> _ABOUT THIS TASK_: Beginning with the line that holds "Six clear, green, gelatinous", copy each line to the end of the records exactly, except the pictures.

> _GIVEN RECORDS_:
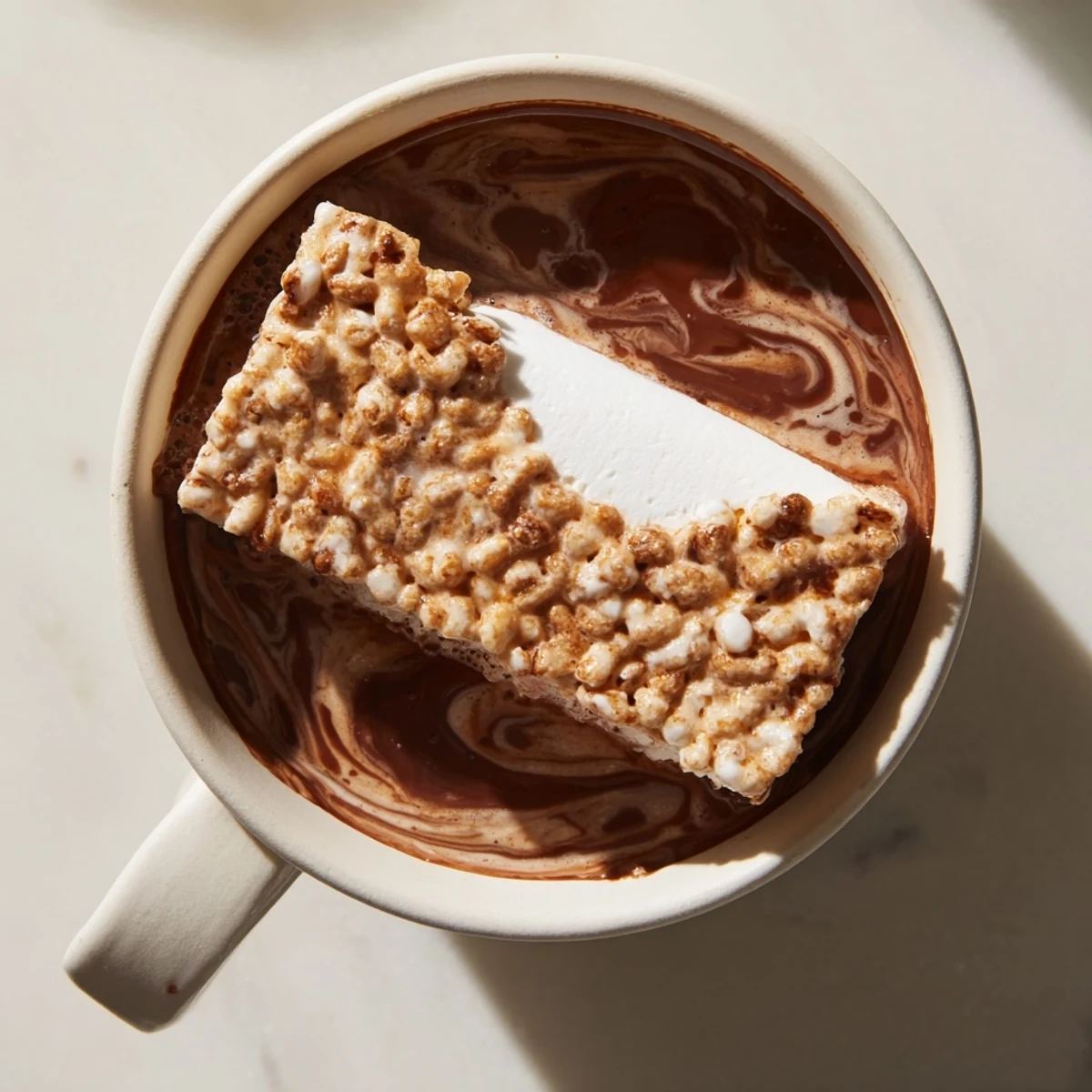 Rich hot chocolate topped with a sweet, pillowy marshmallow bar; ready to warm any soul.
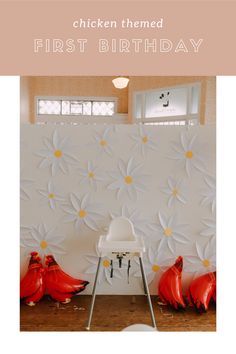 a birthday card with red balloons and white flowers on the wall next to a ladder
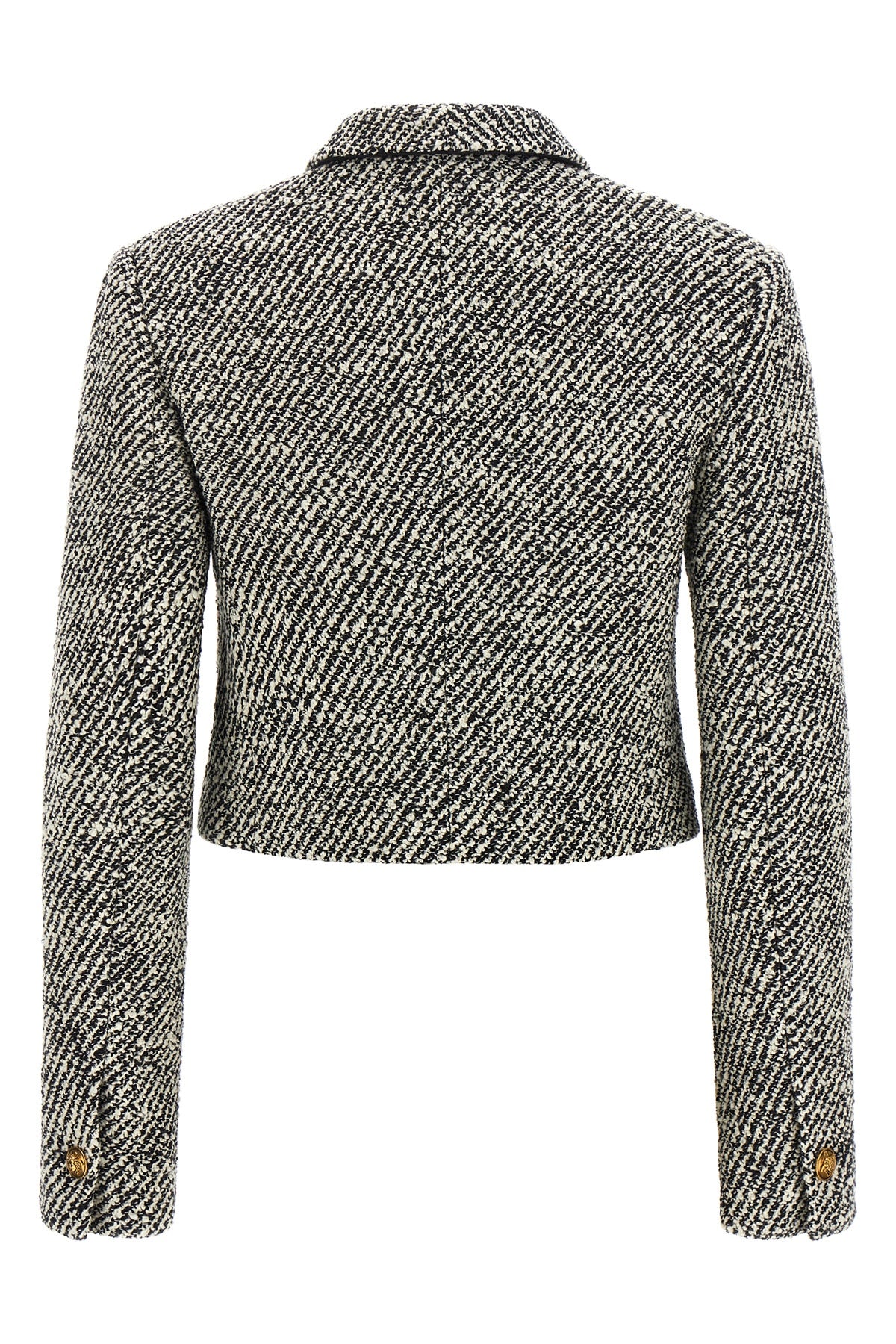 the versace cropped jacket defines a new proportion through a structured blouson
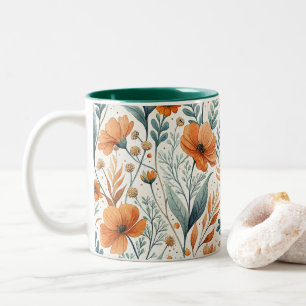 Wildflower Botanical Boho Floral Watercolor Two-Tone Coffee Mug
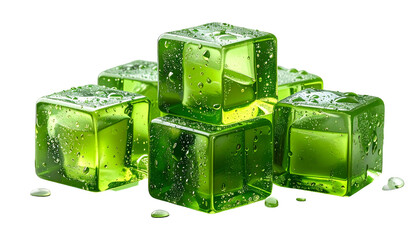 Six clear, green, gelatinous cubes, glistening with moisture, stacked on a black background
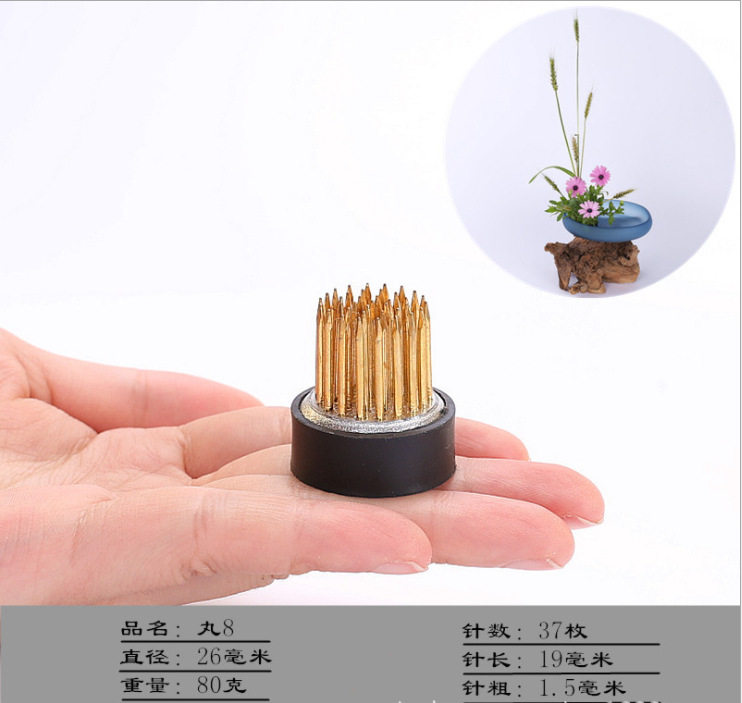 日式小原流插花器铜针剑山插花底座花道器具茶道花艺花插剑山花器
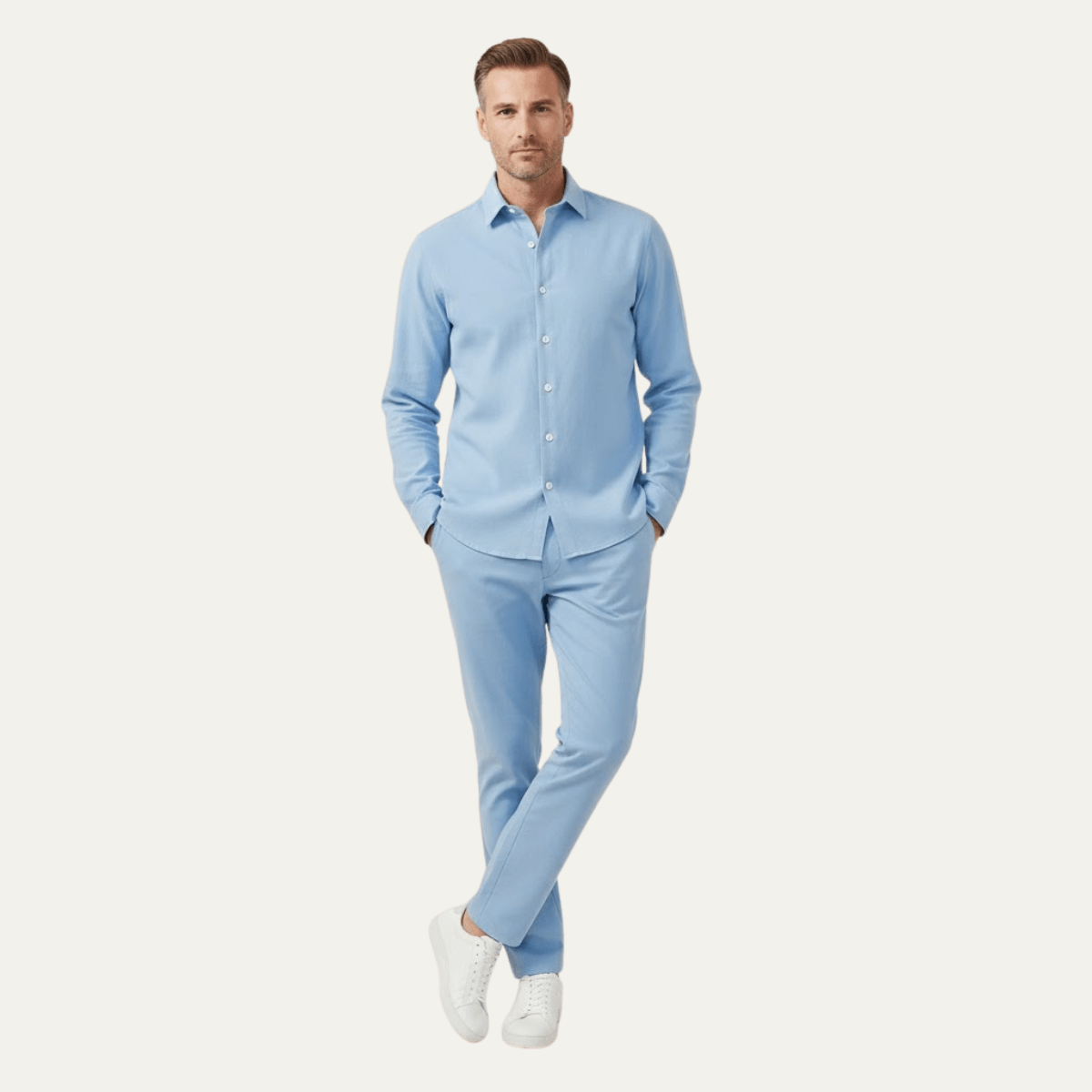 Herren-Hemd- & Hosen-Set — Langärmlig, lockere Passform, passendes Design
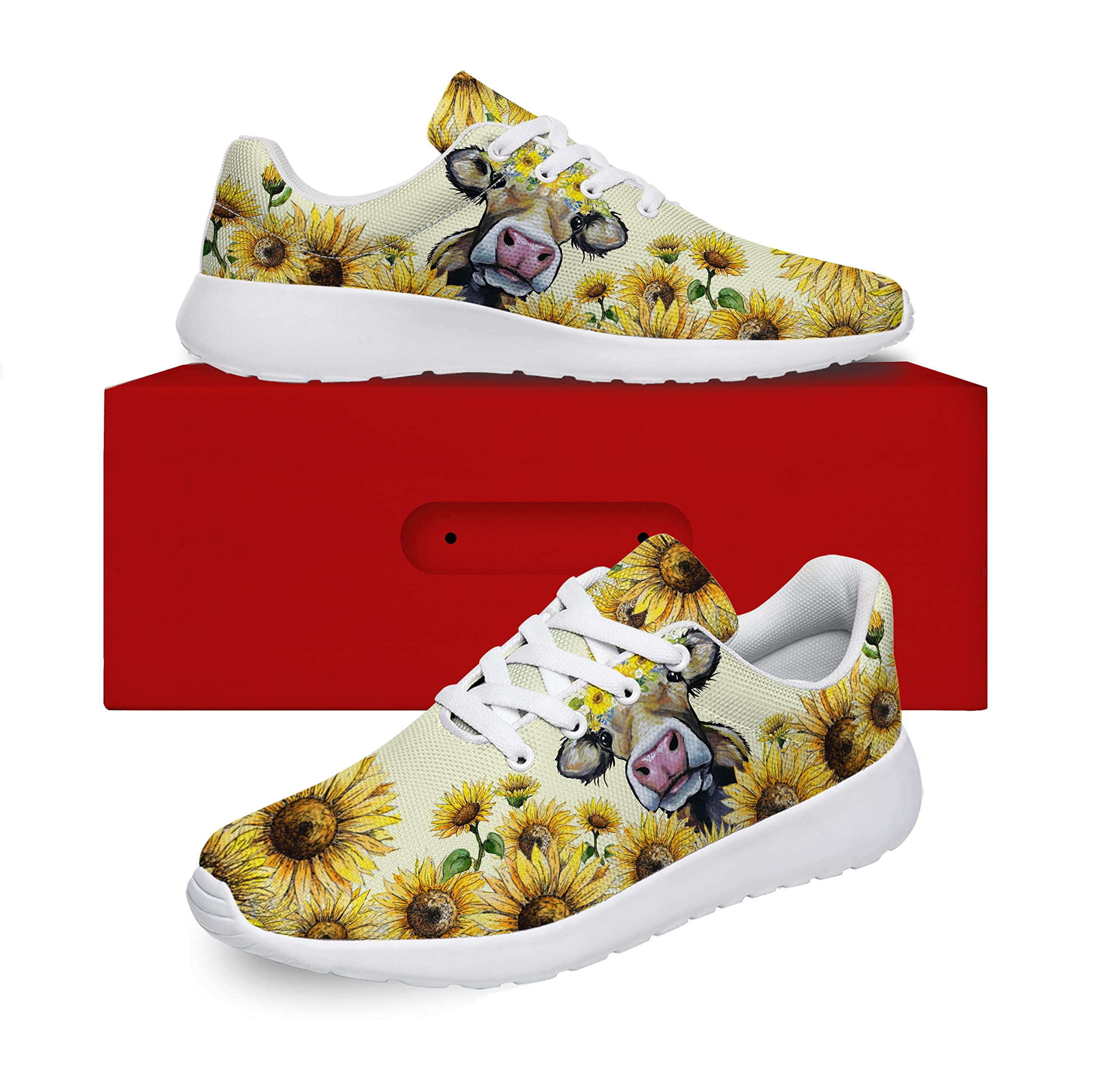 lodaden Women Tennis Shoes Men Sport Running Walking Shoes Outdoor Fashion Lightweight Cow Print Sneakers,US Size 9 Women/7.5 Men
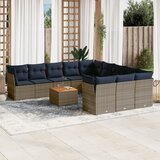 vidaXL 12-dijelni set vrtnih sofa od poliratana s jastucima sivi | shoptok.hr
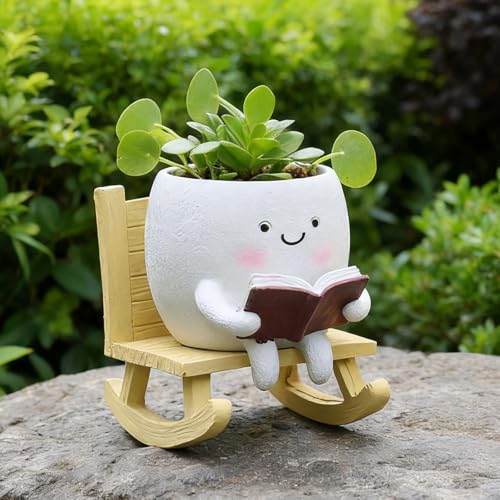 Smiley Face Planter Pot, Cute Resin Head Planter with Drainage Hole, Unique Rocking Chair Succulent Pot for Indoor Outdoor Plants, Funny Plant Lovers Gift for Mother's Day and Christmas (Upright) - size: 6.50×5.91×5.12"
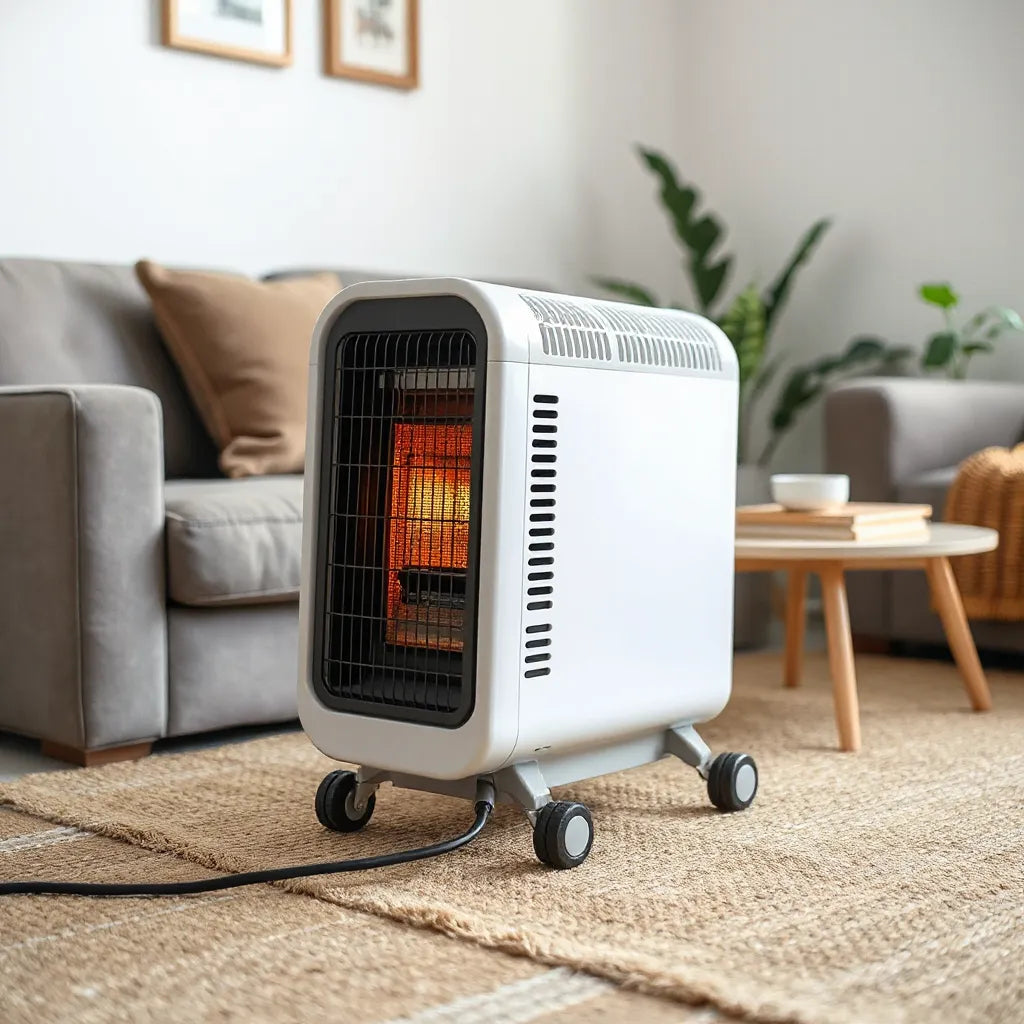 Portable space heater with retractable wheels in a modern living room setting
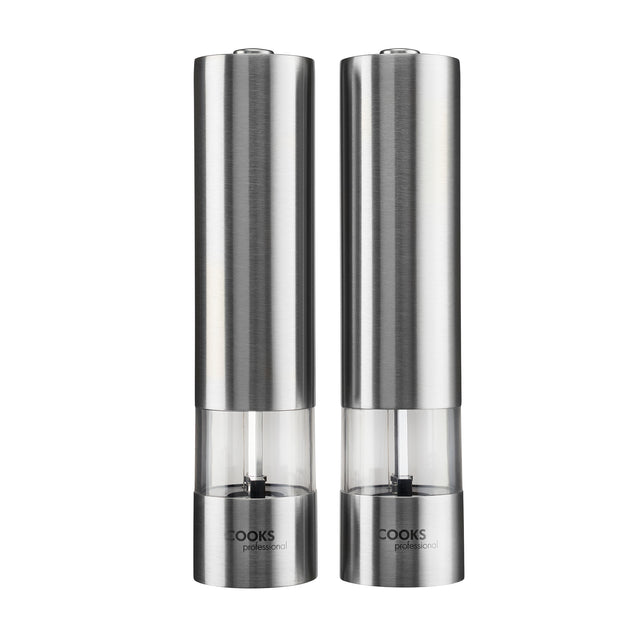 Cooks Professional Electric Salt and Pepper Mill Set with Bamboo Base | Stainless Steel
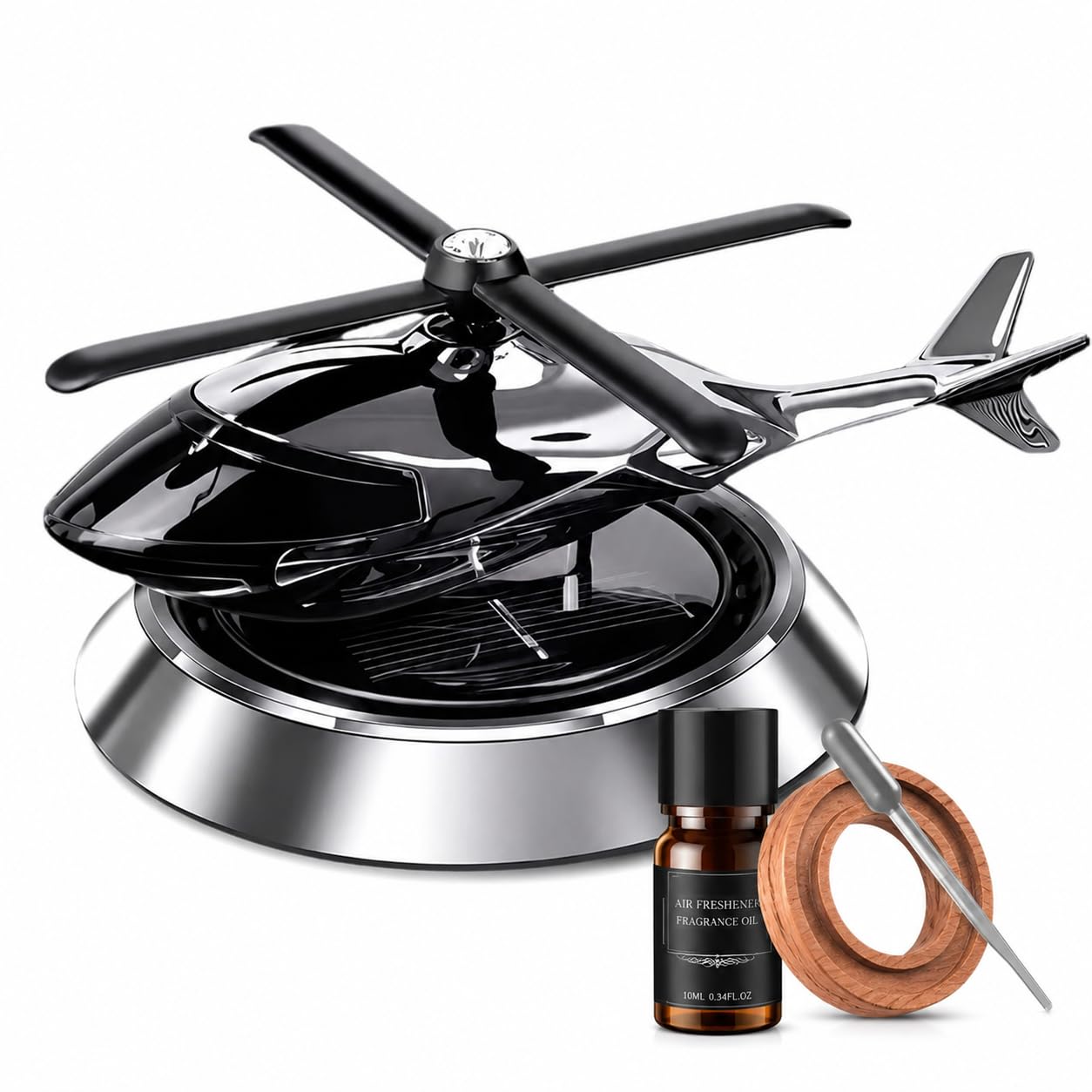 solar helicopter for car dashboard accessories air freshener Perfume (Multicolour)-image-43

> _REPLY TO THE TASK_:
 Six clear, green, gelatinous cubes, glistening with moisture, stacked on a black background
 日式小原流插花器铜针剑山插花底座花道器具茶道花艺花插剑山花器
 Herren-Hemd- & Hosen-Set — Langärmlig, lockere Passform, passendes Design
 lodaden Women Tennis Shoes Men Sport Running Walking Shoes Outdoor Fashion Lightweight Cow Print Sneakers,US Size 9 Women/7.5 Men
 vidaXL 12-dijelni set vrtnih sofa od poliratana s jastucima sivi | shoptok.hr
 Smiley Face Planter Pot, Cute Resin Head Planter with Drainage Hole, Unique Rocking Chair Succulent Pot for Indoor Outdoor Plants, Funny Plant Lovers Gift for Mother's Day and Christmas (Upright) - size: 6.50×5.91×5.12"
 Portable space heater with retractable wheels in a modern living room setting
 Cooks Professional Electric Salt and Pepper Mill Set with Bamboo Base | Stainless Steel
 solar helicopter for car dashboard accessories air freshener Perfume (Multicolour)-image-43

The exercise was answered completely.